▶ [Task description] Only the lines of the data holding the string "Creek" need to be returned.

▶ [Data to examine]
---
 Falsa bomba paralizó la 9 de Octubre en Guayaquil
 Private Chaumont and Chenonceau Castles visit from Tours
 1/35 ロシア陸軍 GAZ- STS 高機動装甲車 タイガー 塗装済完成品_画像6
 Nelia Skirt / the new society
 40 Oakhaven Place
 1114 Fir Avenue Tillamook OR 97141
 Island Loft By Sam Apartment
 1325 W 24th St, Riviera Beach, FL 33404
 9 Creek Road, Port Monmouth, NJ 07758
---
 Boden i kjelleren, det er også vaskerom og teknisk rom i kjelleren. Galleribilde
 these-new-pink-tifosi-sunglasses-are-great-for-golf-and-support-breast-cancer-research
---
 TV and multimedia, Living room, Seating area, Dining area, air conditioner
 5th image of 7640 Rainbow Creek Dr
---
▶ [Answer]
 9 Creek Road, Port Monmouth, NJ 07758
 5th image of 7640 Rainbow Creek Dr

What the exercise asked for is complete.